MINER, Circuit Judge:

The issues presented by this appeal are whether an agent of the United States Postal Service (“USPS”) may assert the liability limitation of the United States Postal Union Convention, January 1, 1976, 27 U.S.T. 345, T.I.A.S. No. 5231 (“Lausanne Convention”), and whether federal or New York common law applies to a mail sender’s claim of conversion against a carrier of international mail performing services for the USPS. We hold that an agent of the USPS is entitled to assert such a limitation and, regardless what law is applied, the conversion claim must be dismissed, since appellants have failed to present any evidence of willful or intentional conduct on the part of the mail carrier. We therefore affirm the district court’s decision.

I. BACKGROUND

Appellants, collectively referred to as “Lerakoli,” are the owners of eleven packages, alleged to have contained diamonds, delivered to the USPS in New York City for shipment to Belgium via registered mail in 1980. Upon receipt of the packages, the USPS placed them in three separate mail sacks and delivered the sacks to its mail carrier, appellee Pan American World Airways, Inc. (“Pan Am”), for shipment to Belgium postal authorities.1 Two of these sacks never were delivered in Belgium and never were recovered. The third sack was delivered in Germany, where postal authorities discovered, upon breaking the seal, that Lerakoli’s packages were missing from the sack.

Lerakoli commenced this action against the USPS and Pan Am, alleging liability for the loss on the part of the USPS under the Lausanne Convention, an international agreement which establishes a regulatory scheme for the transport of international mail, and on the part of. Pan Am under common law principles of bailment, negligence and conversion.2 On January 26, 1983, at the conclusion of a hearing on motions by the USPS and Pan Am for summary judgment, the district court dismissed the claims against the USPS on the ground that it had tendered to Lerakoli its limit of liability under Article 44 of the Lausanne Convention.3 Article 44 limits the liability of “postal administrations” for the loss of registered mail to “40 francs [$15.76] per item.”

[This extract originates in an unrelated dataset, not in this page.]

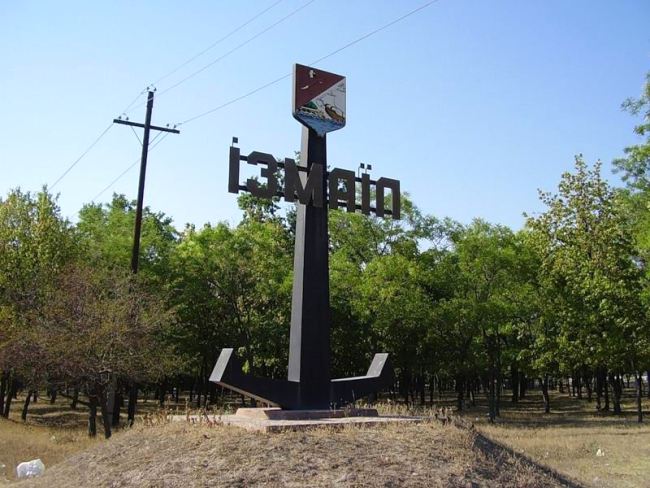 Ізмаїл - місто порт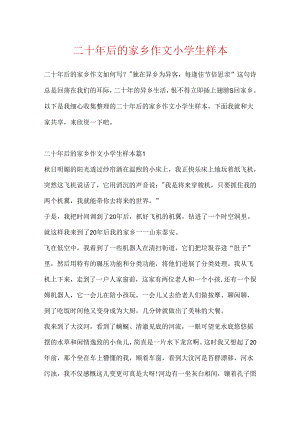 二十年后的家乡作文小学生样本.docx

On February 15, 1983, the district court issued a Memorandum of Decision and Order granting Pan Am’s motion as to the bailment and negligence claims on the ground that the liability limitation of the Lausanne Convention also applied to Pan Am as an agent of the USPS. Lerakoli, Inc. v. Pan American Airways, Inc., No. 82-3663 (E.D.N.Y. Feb. 15, 1983). However, the court denied Pan Am’s motion as to the conversion claim, with leave to renew, following the established rule that liability limitations may not be applied to diminish liability for an intentional act of misconduct. The court therefore permitted Lerakoli an opportunity for discovery on the conversion claim. On April 17, 1985, after Pan Am’s renewal of its motion, the court issued a second Memorandum of Decision and Order wherein it decided that federal law should apply to a conversion claim against a carrier-agent of the USPS. Lerakoli, Inc. v. Pan American Airways, Inc., No. 82-3663 (E.D.N.Y. April 17, 1985). *35Consequently, the court dismissed the claim on the ground that Lerakoli, after being given an opportunity for discovery, had failed to present any evidence of an intentional act by Pan Am, as required by federal law.4 See Berner v. British Commonwealth Pacific Airlines, Ltd., 346 F.2d 532, 536-37 (2d Cir.1965), cert. denied, 382 U.S. 983, 86 S.Ct. 559, 15 L.Ed.2d 472 (1966).

Lerakoli now challenges the district court’s rulings on several grounds. First, it contends that the terms of the Lausanne Convention relating to limitations of liability apply only to the USPS itself and cannot be extended to include agents such as Pan Am. Lerakoli further argues that a broader interpretation of the Lausanne Convention would require us not only to amend the treaty language, but also would conflict with the general principle that independent contractors performing work for the government are not immune from claims arising out of work done negligently or in an intentionally improper manner. See Merritt, Chapman & Scott Corp. v. Guy F. Atkinson Co., 295 F.2d 14 (9th Cir.1961); Green v. ICI America, Inc., 362 F.Supp. 1263 (E.D.Tenn.1973). Finally, asserting that no reason exists to create federal common law in an action between private parties, Lerakoli contests the district court’s application of federal law, and its consequent failure to apply New York law, to the conversion claim. It contends that the New York rule for warehousemen, under which there would be a presumption that Pan Am had converted the packages, see I.C.C. Metals, Inc. v. Municipal Warehouse Company, 50 N.Y.2d 657, 431 N.Y.S.2d 372, 409 N.E.2d 849 (1980), should govern.

II. DISCUSSION

A. Liability Limitation Under the Lausanne Convention

The Lausanne Convention is one of an assortment of international agreements, federal statutes and agency regulations governing the transportation of domestic and international mail in the United States. Article 44 of the Convention, in pertinent part, provides that “[pjostal administrations shall be liable only for the loss of registered items,” and that “[i]n case of loss of a registered letter, the sender shall be entitled to an indemnity the amount of which shall be fixed at 40 francs [$15.76] per item.”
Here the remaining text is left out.